Hi, I have a problem with an unexplained problem, results in the array on the edges are broken (prints 0). Im not sure whats wrong. Variable ‘a’ is a array filled 0-1 from the host. In the program are a lot of time steps and the kernel is executed many times.

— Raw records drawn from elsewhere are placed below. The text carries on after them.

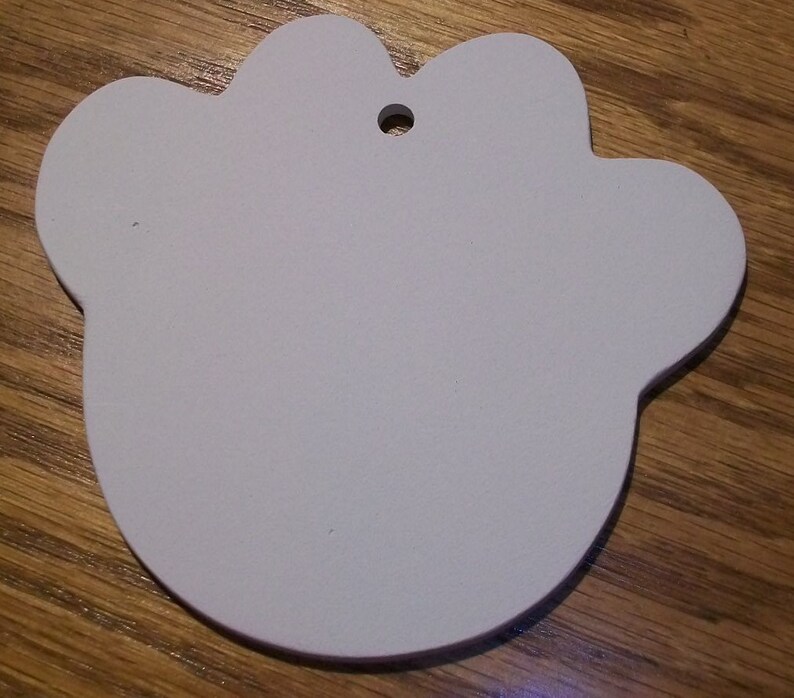 May include: White paw-shaped ornament with a hole for hanging. The ornament is made of a smooth, lightweight material.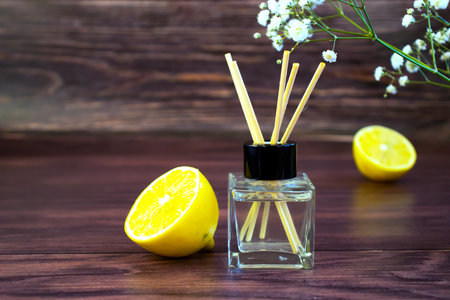 aroma diffuser, lemon on a wooden backgroundの写真素材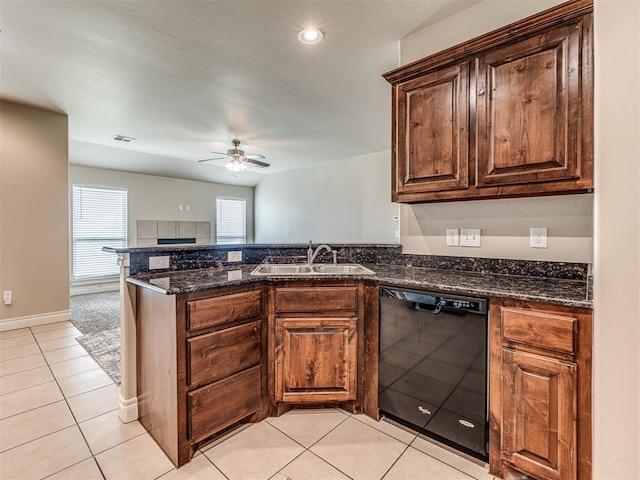 1861 Debbie Dr, Guthrie, OK 73044 - kitchen featuring black dishwasher, a sink, a ceiling fan, light tile patterned floors, and a peninsula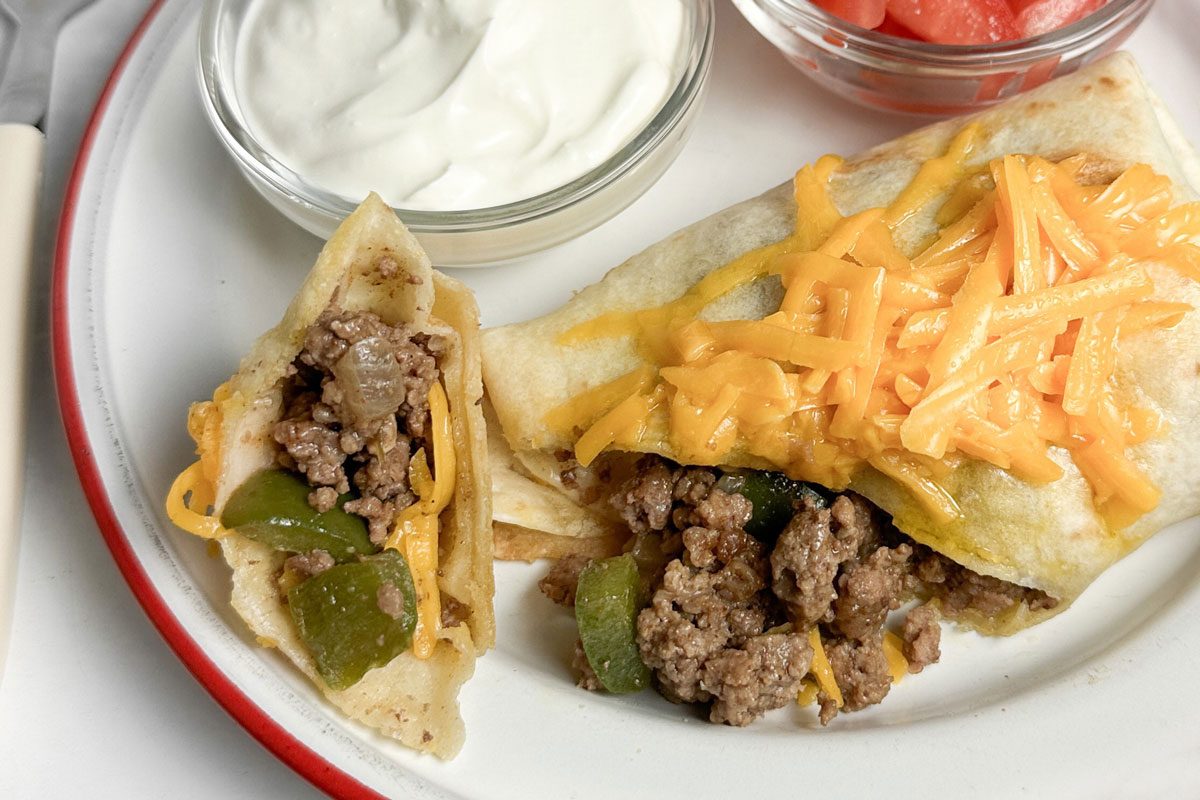 Taste of Home Taco Burrito on an enamel plate with bowls of sour cream and tomatoes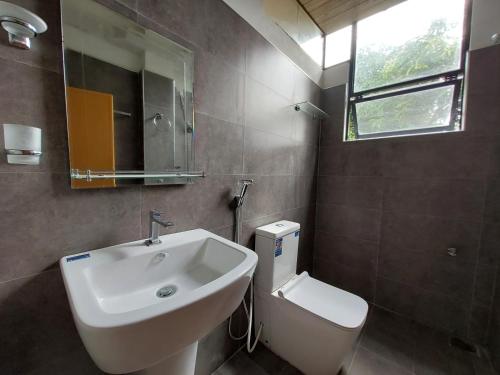 a bathroom with a sink and a toilet at Lake Wave Hotel in Anuradhapura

Somebody can explain what is maybe wrong in kernel function?
My array
|--------|
| i | n | *2
|--------|
| n | *2 + 1
__global__ void GPU_CalculateTemp(float *a, float *b) {
int i = blockIdx.x * blockDim.x + threadIdx.x;
//Patterns
//Main loop
if ((i > 0) && (i < N )) {
//Collision
float fl = a[i * 2];
float fr = a[i * 2 + 1];
float rho = fl + fr;
float feq = 0.5 * rho;
//Streaming on the left and right from i
b[(i - 1) * 2] = omega * feq + (1 - omega) * fl;
b[(i + 1) * 2 + 1] = omega * feq + (1 - omega) * fr;
}
}
Kernel
void compute(int rank, float **device_a, float **device_b) {
int threadsperblock = N; // static size #define N 100
int blockspergrid = 1;
size_t size = N*sizeof(float);
calculateTemp<<<blockspergrid,threadsperblock>>>(*device_a, *device_b);
cudaMemcpy(*device_a, *device_b, size, cudaMemcpyDeviceToDevice); //after this device_a is copied to host array and print
}
My left side array, second and third positions are 0:
0.05 0.00 0.10 0.00 0.25 0.11 0.23 0.14 0.37